# Exercise instructions
Exclude pictures; retype the lines below from the line containing "Spacious living room" through the end of the records, both ends kept.

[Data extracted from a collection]
☆ ☆ ☆ ☆ ☆ ☆ ☆

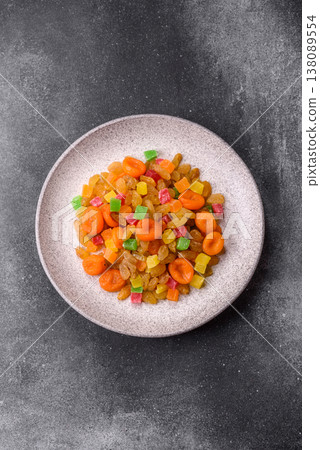 Dried apricots, raisins, and candied fruits as ingredients for baked goods and sweets. Dried fruits Dried apricots, raisins, and candied fruits as ingredients for baked goods and sweets. Dried fruits 138089554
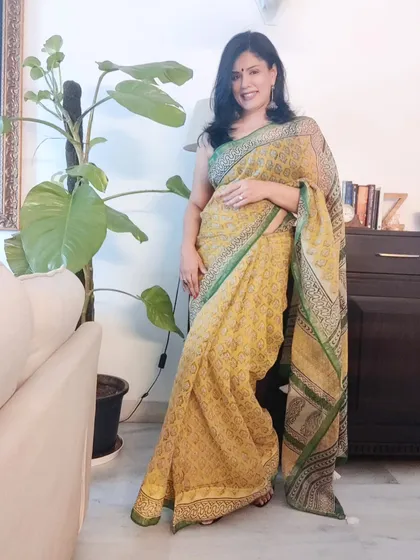 I love the breezy feel of a Kota Doriya saree, especially in the summer. I styled this yellow one with a contrast black blouse and simple silver earrings for an easy, elegant look.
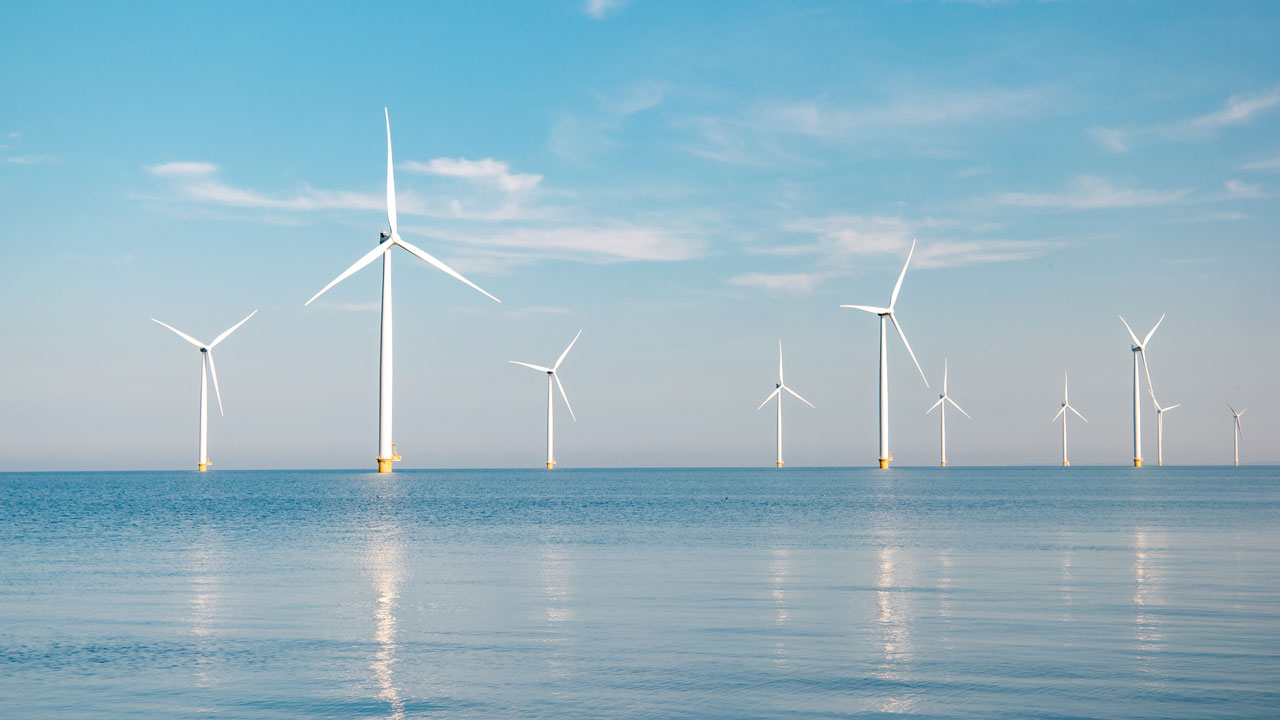Wind turbines on the horizon reflected in the sea, set against a pale blue sky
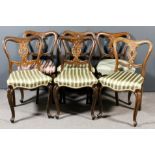 A set of six Victorian rosewood dining chairs with shaped crest rails, fretted and scroll carved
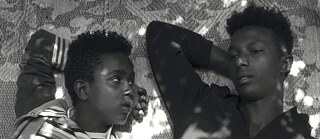 Zwei Jungen liegen auf einem Teppich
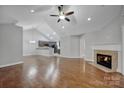 Spacious living room with hardwood floors, fireplace, and high ceilings at 4829 Boomerang Way, Charlotte, NC 28269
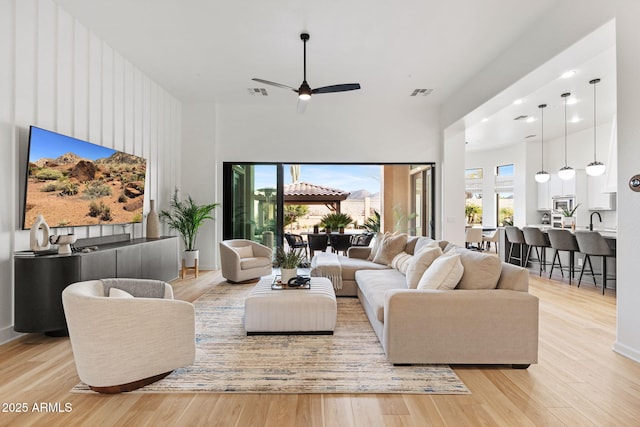 living room with sink, light hardwood / wood-style floors, and ceiling fan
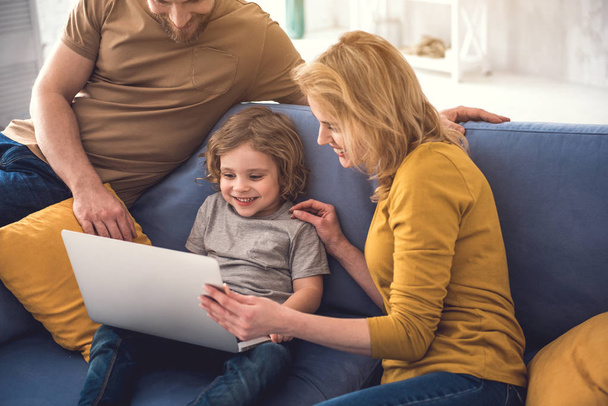 Happy family is using laptop at home - Fotó, kép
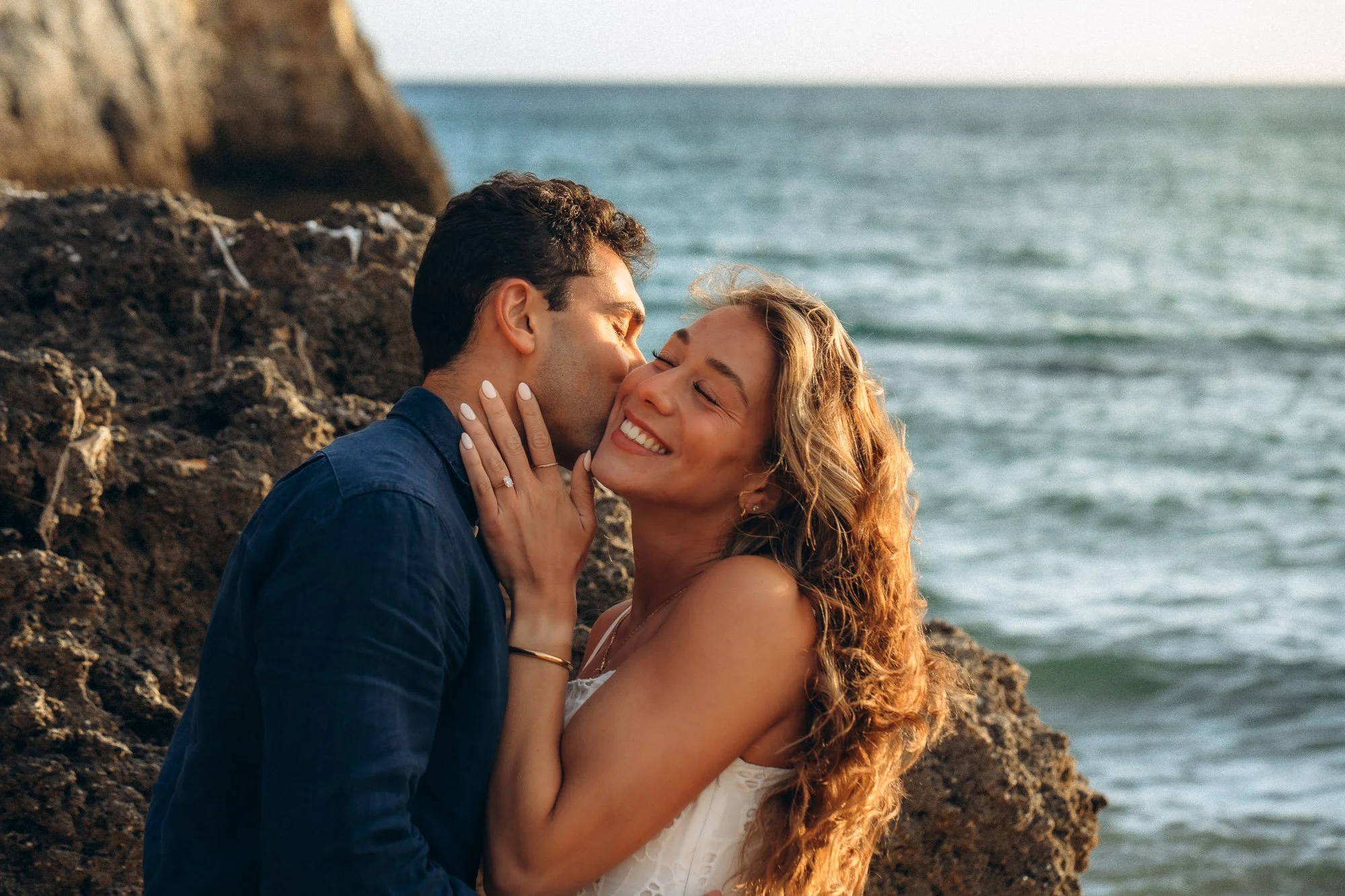 Newly engaged couple kissing on Algarve coastal rocks at golden hour, engagement ring detail
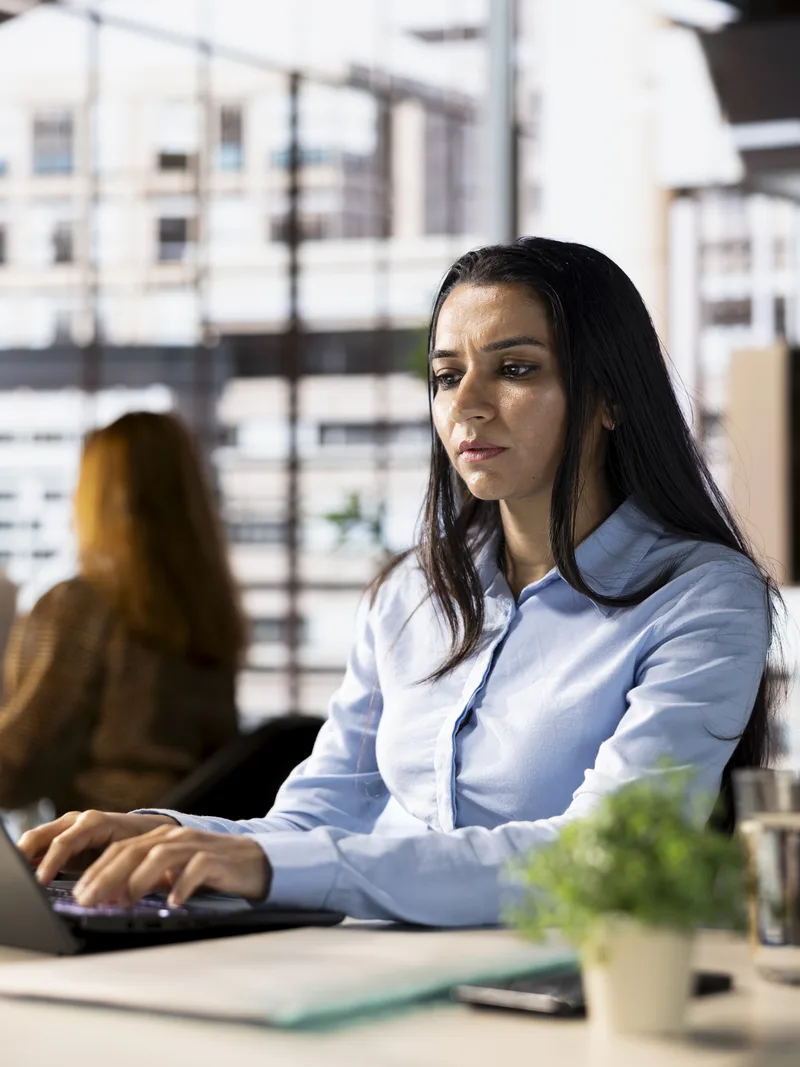 Banking analyst working on laptop in city office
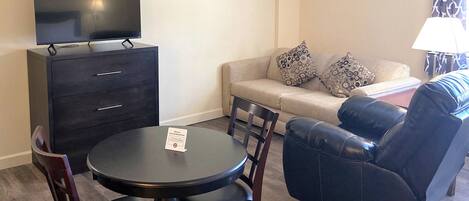 A living room with a TV, a sofa, a coffee table, and a dining table with chairs.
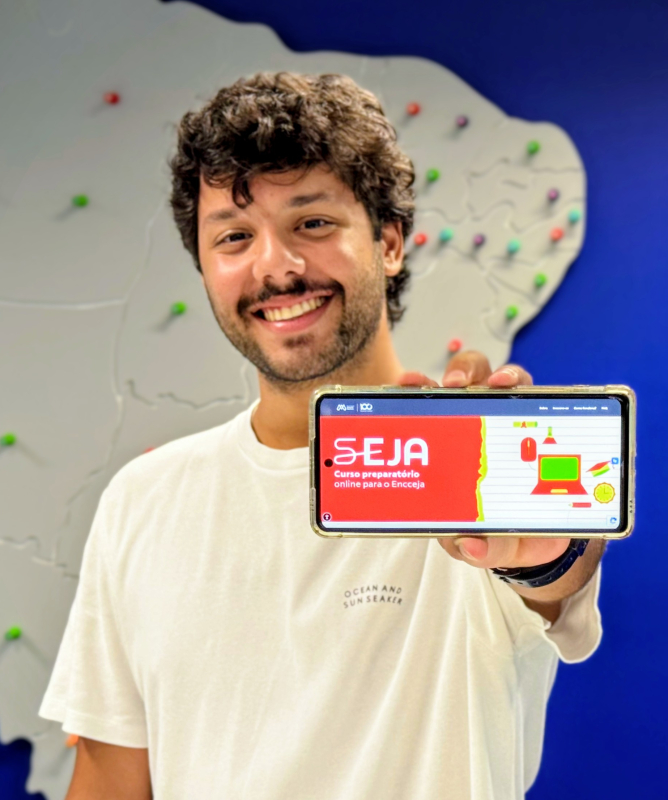Um homem jovem sorri para a câmera enquanto segura um celular com a tela voltada para a frente. Ele usa camiseta branca e está em pé diante de um painel azul. No fundo, há um mapa do Brasil em relevo, com vários pequenos pontos coloridos espalhados pelo território.  Na tela do celular aparece uma página com fundo vermelho e ilustrações coloridas, com o texto em destaque: “SEJA – Curso preparatório online para o Encceja”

☆ ☆ ☆ ☆ ☆ ☆ ☆

# Output of the exercise
 Spacious living room with hardwood floors, fireplace, and high ceilings at 4829 Boomerang Way, Charlotte, NC 28269
 living room with sink, light hardwood / wood-style floors, and ceiling fan
 Happy family is using laptop at home - Fotó, kép
 Newly engaged couple kissing on Algarve coastal rocks at golden hour, engagement ring detail
 Banking analyst working on laptop in city office
 A living room with a TV, a sofa, a coffee table, and a dining table with chairs.
Um homem jovem sorri para a câmera enquanto segura um celular com a tela voltada para a frente. Ele usa camiseta branca e está em pé diante de um painel azul. No fundo, há um mapa do Brasil em relevo, com vários pequenos pontos coloridos espalhados pelo território.  Na tela do celular aparece uma página com fundo vermelho e ilustrações coloridas, com o texto em destaque: “SEJA – Curso preparatório online para o Encceja”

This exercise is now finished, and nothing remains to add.